Autor |
Wiadomość |
Piotr-246 |
Wysłany: Pon 15:59, 13 Gru 2021 Temat postu: |
|
Nowe i archiwalne Orędzia przekazane przez grupę Odrodzenie będą publikowane na forum:
odrodzenie . fora . pl |
|
|
Piotr-246 |
Wysłany: Pon 12:15, 09 Kwi 2018 Temat postu: |
|
(temat do góry) |
|
|
Piotr-246 |
Wysłany: Wto 13:30, 20 Lut 2018 Temat postu: |
|
Spotkania grupy "Odrodzenie" (Warszawa Siekierki - parafia przy ul. Gwintowej, Rzeszów - Pijarzy, Gliwice - Redemptoryści) są kontunuacją spotkań jakie rozpoczął kiedyś o. Jan Sieg, prowadząc konferencję na temat objawień Anny Dąmbskiej. Wspólnota od poczatku interesowała się Orędziami różnych mistyków.
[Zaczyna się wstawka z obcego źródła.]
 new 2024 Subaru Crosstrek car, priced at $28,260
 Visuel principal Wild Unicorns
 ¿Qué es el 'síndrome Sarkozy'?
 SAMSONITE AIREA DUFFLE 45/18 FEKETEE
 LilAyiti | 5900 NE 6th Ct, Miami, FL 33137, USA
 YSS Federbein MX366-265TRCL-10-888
Po śmierci Anny Dąmbskiej w 2007 roku, grupa nadal otrzymywała Orędzia, Słowa Pana dla Polski, podpisane jedynie imionami osób spisujących przekazy.
Z początku dostawaliśmy kilka kartek rocznie, obecnie jest ich nawet kilkadziesiąt rocznie. Ich przeznaczeniem być może jest wydanie w formie książki. Jeśli uzyskam więcej informacji na ten temat, dam znać. |
|
|
Piotr-246 |
Wysłany: Wto 13:16, 20 Lut 2018 Temat postu: |
|
04.03.2017 rok
Pisz, Moje dziecko, oto jestem, by przekazać ci słowa związane z Moim królestwem jakim jest Polska, obrana przed wiekami na przewodnika narodów, za którym pójdą inne. Kolejne kraje potrzebują wsparcia i waszego zaangażowania w porządkowaniu otaczającej rzeczywistości, która obrosła brudem grzechu, sprzeniewierzenia się Boskim prawdom.
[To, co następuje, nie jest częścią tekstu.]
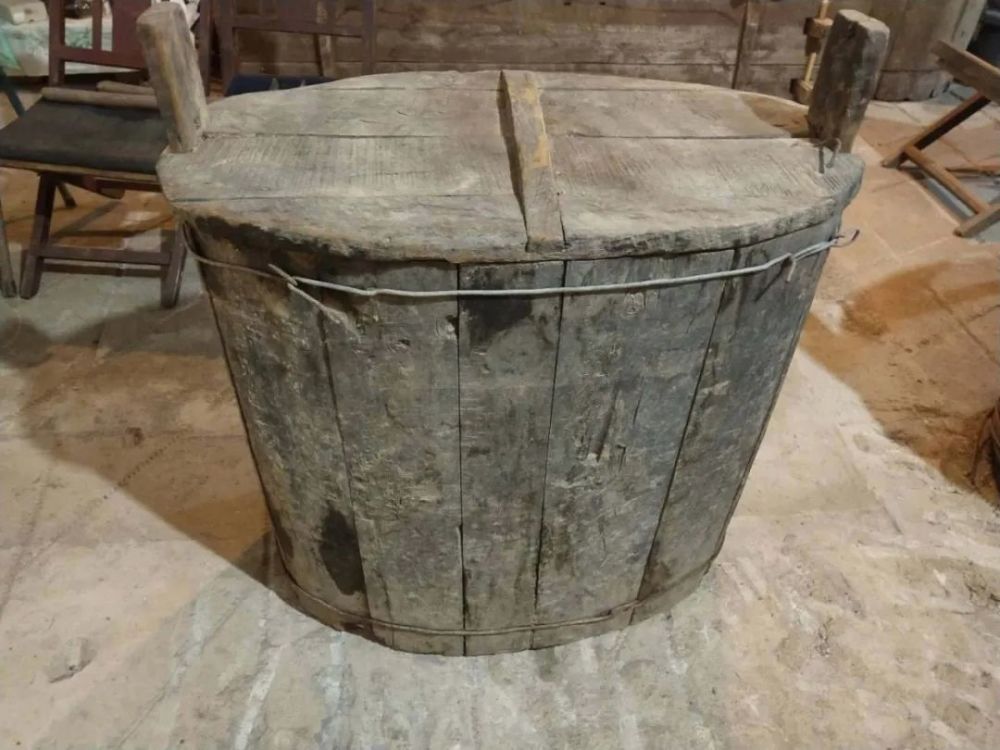 老物件|会泽大桥一村民收藏几千件“老物件”！快来看看你都认识吗？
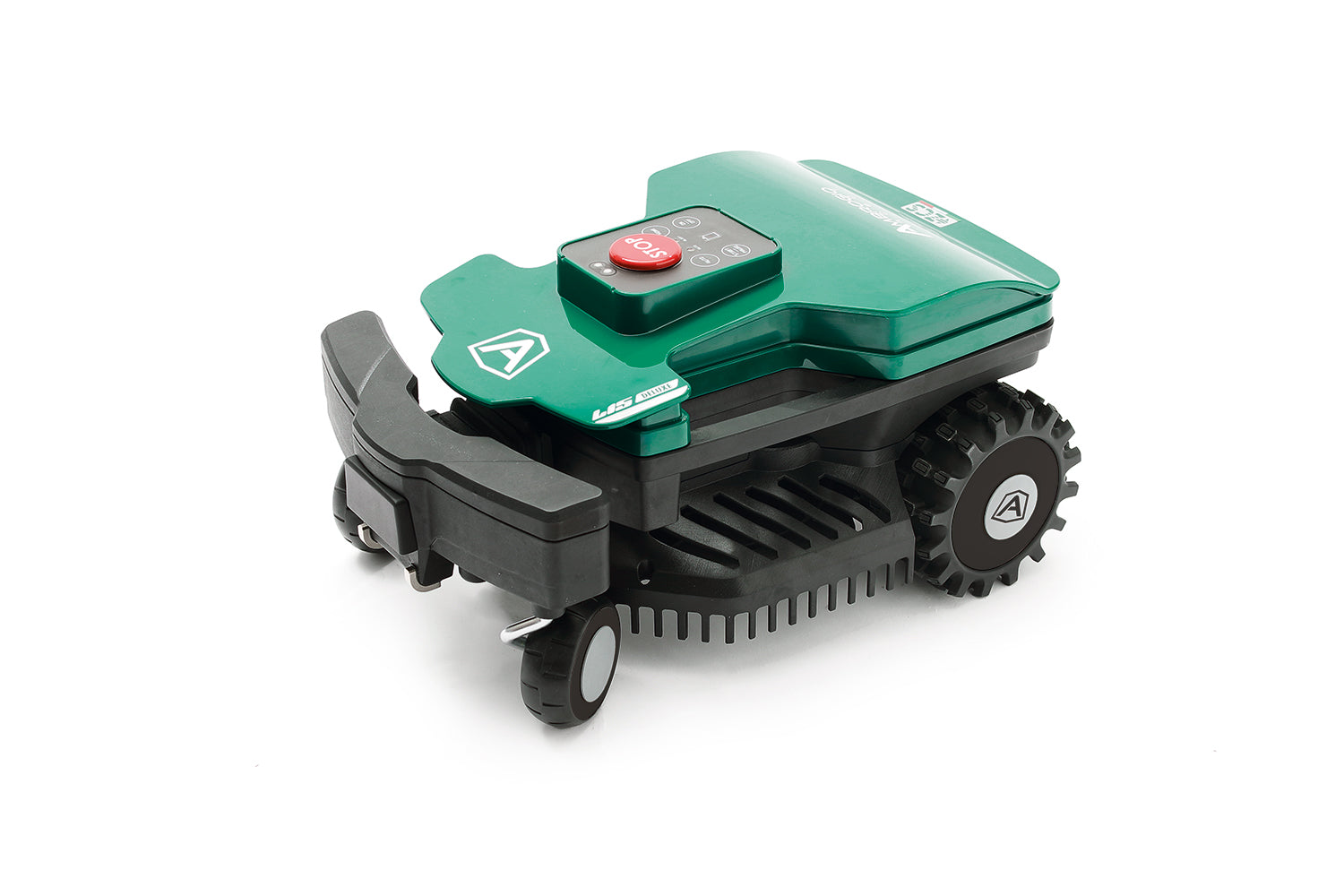 Ambrogio L15 Deluxe Mähroboter V20 Ambrogio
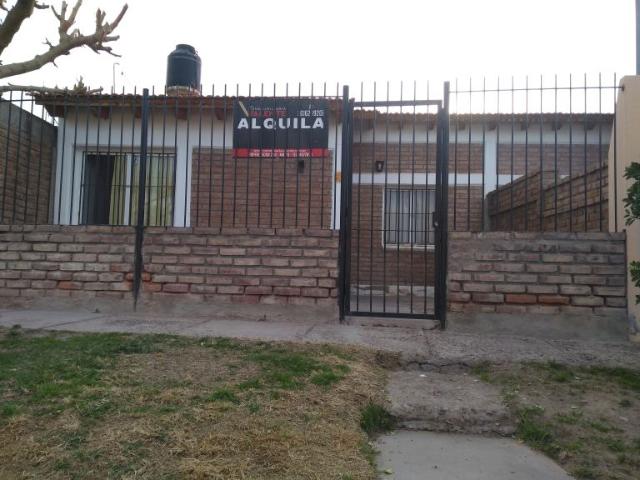 Casa en Alquiler Maipu Mendoza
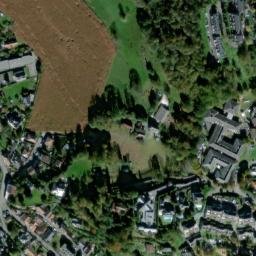 Satellite imagery of Maison paternelle de Bernadette, FR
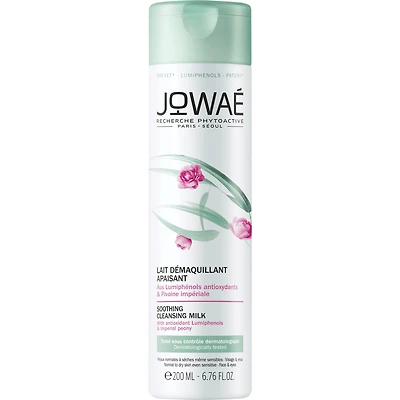 Soothing Cleansing Milk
To wszystko, w czym tkwicie, także i wy jako naród, jest zakłamaną ideologią szczęścia na ziemi. Daliście sobie, jako zbiorowość, wmówić, że takie a nie inne prawa muszą obowiązywać, a kto ich nie przestrzega podlega osądowi i krytyce ze strony mocodawców (dominujące kraje w Unii Europejskiej), wyznaczających kierunki i trendy rozwoju poszczególnych państw.
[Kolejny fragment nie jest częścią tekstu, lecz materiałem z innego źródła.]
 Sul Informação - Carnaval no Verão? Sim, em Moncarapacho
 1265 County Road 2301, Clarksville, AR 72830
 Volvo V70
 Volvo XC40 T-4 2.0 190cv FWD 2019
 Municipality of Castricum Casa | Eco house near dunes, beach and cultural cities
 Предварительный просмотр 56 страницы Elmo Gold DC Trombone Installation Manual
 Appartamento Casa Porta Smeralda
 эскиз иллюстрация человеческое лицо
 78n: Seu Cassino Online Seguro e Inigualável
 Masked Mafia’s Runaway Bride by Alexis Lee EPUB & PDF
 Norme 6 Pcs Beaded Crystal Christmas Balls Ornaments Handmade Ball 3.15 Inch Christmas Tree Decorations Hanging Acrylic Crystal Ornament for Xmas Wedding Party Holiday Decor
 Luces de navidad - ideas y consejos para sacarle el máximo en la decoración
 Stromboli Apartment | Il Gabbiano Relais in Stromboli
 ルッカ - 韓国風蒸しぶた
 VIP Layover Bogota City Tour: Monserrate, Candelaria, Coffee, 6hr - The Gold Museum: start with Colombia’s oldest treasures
Widzicie (Polacy) jak nieraz jesteście upokorzeni, łajani za starania, by przywrócić ład moralny, społeczny, prawodrządność i politykę suwerennego państwa. Wypaczone wizje górowania jednych nad drugimi, staranie o przywództwo, a zatem narzucanie swoich poglądów i hołdowanie własnym interesom, pogłębia kryzys wspólnoty państw (Unia Europejska) która w swym pierwotnym zamyśle miała służyć wszystkim jej członkom. Jej pierwsi założyciele opierali się na wartościach chrześcijańskich i dali jej mocne podwaliny, które odnosiły się do Mojej w niej obecności.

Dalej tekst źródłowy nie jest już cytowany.